1. Time and Place. Inside Llewyn Davis takes place during the winter of 1961, mostly in Greenwich Village, the Upper West Side, and a little bit in Queens (there's also a subplot with a road trip to Chicago but that's almost a different movie). The Coens do an amazing job of showing how the streets, buildings, and storefronts of these neighborhoods, and, best of all, the subway in really looked in 1961. Back then, these neighborhoods were working class, bordering on poor, and were drab and run-down. The subway was even dirtier than it is now. You see the seeds of the decay that would later be exacerbated by the 1970s financial crises, before the city was "reborn" in the 1990s. This is not a nostalgic, romantic, paper-dollish look at working class NYC in 1961. Watching this movie, you feel like you've been transported back to a specific time and place in NYC, and it makes you see the city again for the first time.

2. Community: Inside Llewyn Davis is set in the folk music scene that sprouted in Greenwich Village in the late 1950s, then culminated in the 1960s with the explosion of Bob Dylan (this film is set roughly a week before Dylan first performed at the Greenwich Village club the Gaslight). Like the 1920s American ex-patriot writers in Paris, or Andy Warhol's Factory later in the 1960s, the downtown folk music scene of the late '50s, early '60s has now become legendary, almost mythical, with singer-songwriters like Dylan, Joni Mitchell, John Baez, and Peter, Paul and Mary all getting their starts there. This film shows how hard making a career in folk music was and how, for many, fame and fortune eluded them. This film not only takes you back to NYC at a special time and place but also into a world who legacy continues to this day.

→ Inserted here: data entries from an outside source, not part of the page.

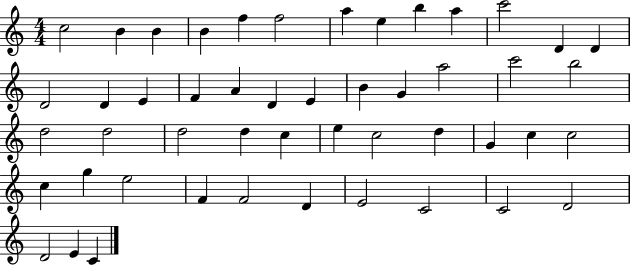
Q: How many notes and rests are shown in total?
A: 49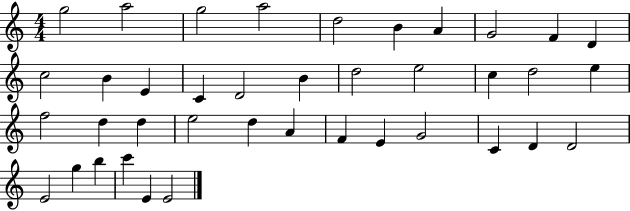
X:1
T:Untitled
M:4/4
L:1/4
K:C
g2 a2 g2 a2 d2 B A G2 F D c2 B E C D2 B d2 e2 c d2 e f2 d d e2 d A F E G2 C D D2 E2 g b c' E E2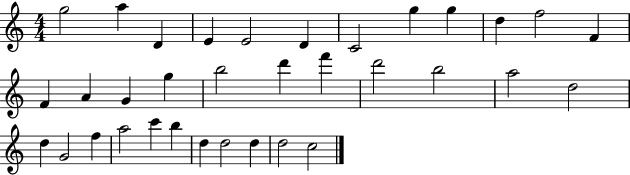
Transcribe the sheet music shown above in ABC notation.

X:1
T:Untitled
M:4/4
L:1/4
K:C
g2 a D E E2 D C2 g g d f2 F F A G g b2 d' f' d'2 b2 a2 d2 d G2 f a2 c' b d d2 d d2 c2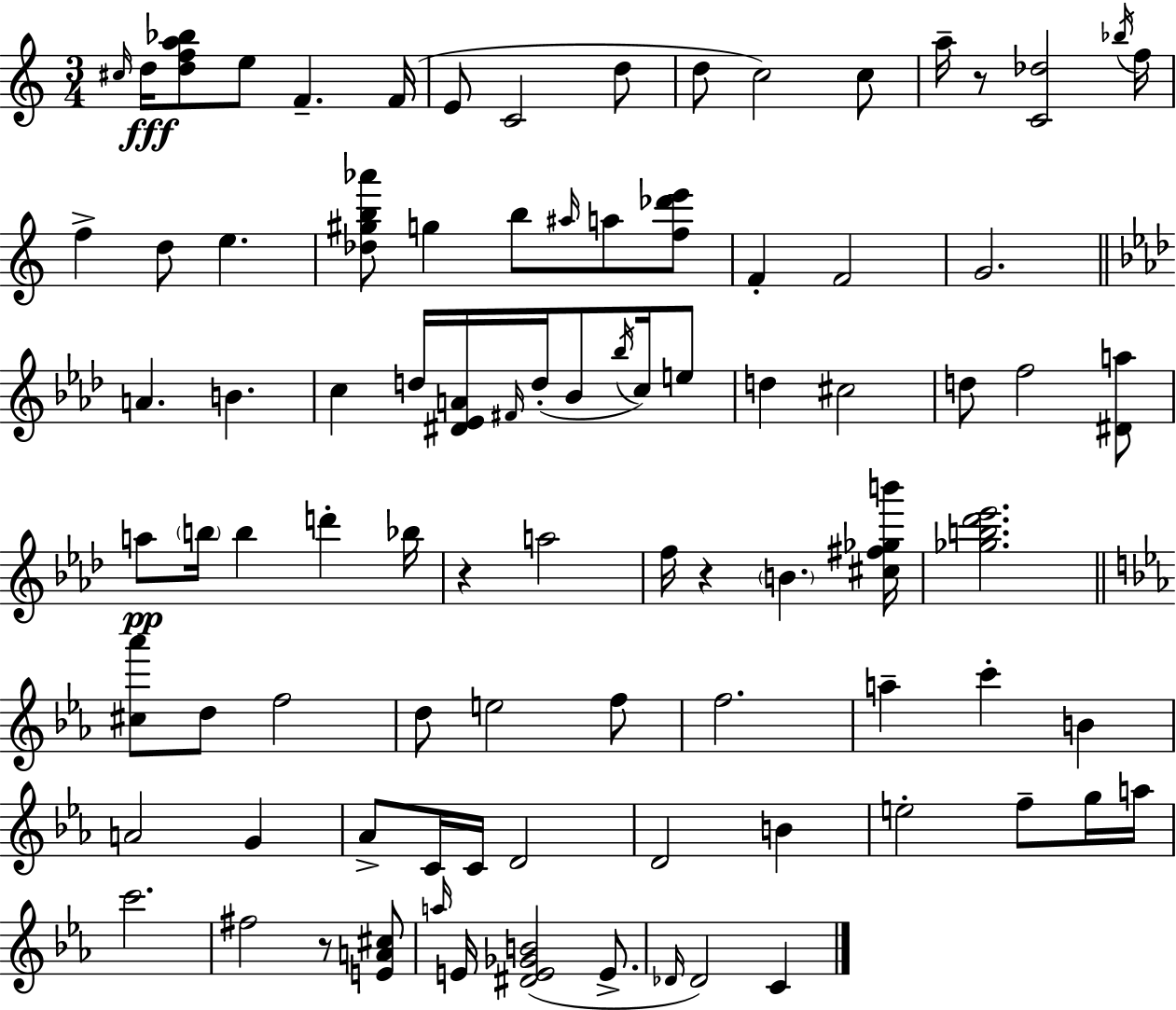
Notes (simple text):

C#5/s D5/s [D5,F5,A5,Bb5]/e E5/e F4/q. F4/s E4/e C4/h D5/e D5/e C5/h C5/e A5/s R/e [C4,Db5]/h Bb5/s F5/s F5/q D5/e E5/q. [Db5,G#5,B5,Ab6]/e G5/q B5/e A#5/s A5/e [F5,Db6,E6]/e F4/q F4/h G4/h. A4/q. B4/q. C5/q D5/s [D#4,Eb4,A4]/s F#4/s D5/s Bb4/e Bb5/s C5/s E5/e D5/q C#5/h D5/e F5/h [D#4,A5]/e A5/e B5/s B5/q D6/q Bb5/s R/q A5/h F5/s R/q B4/q. [C#5,F#5,Gb5,B6]/s [Gb5,B5,Db6,Eb6]/h. [C#5,Ab6]/e D5/e F5/h D5/e E5/h F5/e F5/h. A5/q C6/q B4/q A4/h G4/q Ab4/e C4/s C4/s D4/h D4/h B4/q E5/h F5/e G5/s A5/s C6/h. F#5/h R/e [E4,A4,C#5]/e A5/s E4/s [D#4,E4,Gb4,B4]/h E4/e. Db4/s Db4/h C4/q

3. Characters: Llewyn Davis is based on the life of Dave Van Ronk, who was a popular Greenwich Village folk singer during this time. Van Ronk was an early influence and friend to Bob Dylan and, although he never achieved that level of fame, he left an amazing legacy and created some great music that is played throughout the movie (including the song "Hang me oh hang me" posted below). Van Ronk's real life was a little different from Llewyn Davis (he wasn't a couch surfer, he was married, and he didn't knock up his friends' wives, for example) but, when he died in 2002, he seemed fated for obscurity. However, the 2005 book about him, The Mayor of MacDougal Street, and now this film, have given Van Ronk, a great New York character, his due.

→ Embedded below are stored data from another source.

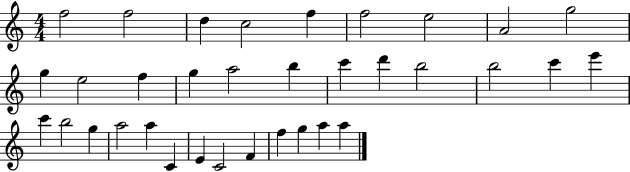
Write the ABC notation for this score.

X:1
T:Untitled
M:4/4
L:1/4
K:C
f2 f2 d c2 f f2 e2 A2 g2 g e2 f g a2 b c' d' b2 b2 c' e' c' b2 g a2 a C E C2 F f g a a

4. "No fakery": as I indicated before, Inside Llewyn Davis is not a nostalgic look at 1961 NYC or the folk music scene. It is, like many Coen Brothers flicks, totally unsentimental, almost brutal in its outlook. This is not a film that shouts "It was so much better then!" Instead, it aims to show you what the city and this community were like, warts and all. You get a feeling that you are watching real people living their day-to-day lives, and they are confronting problems that are recognizable to people today. While the movie is set in the past, it's the present for them. Most importantly, even though it's a period piece, there aren't lots of references to the fact that it's 1961 (except for one very funny scene where Llewyn Davis and two other singers croon a pop balled called "Please Mr Kennedy Don't Shoot Me Into Outer Space"). Instead, the film takes for granted that you know what we going on back then -- this a story about people, not a history lesson.

So that's my criteria for making a great NYC movie these day: a story rooted in a specific time,  place, and community in the city without either being self-conscience or displaying any cheap nostalgia. Inside Llewyn Davis does this beautifully, it's a great movie, and deserves to ranked with the great NYC movies of all time.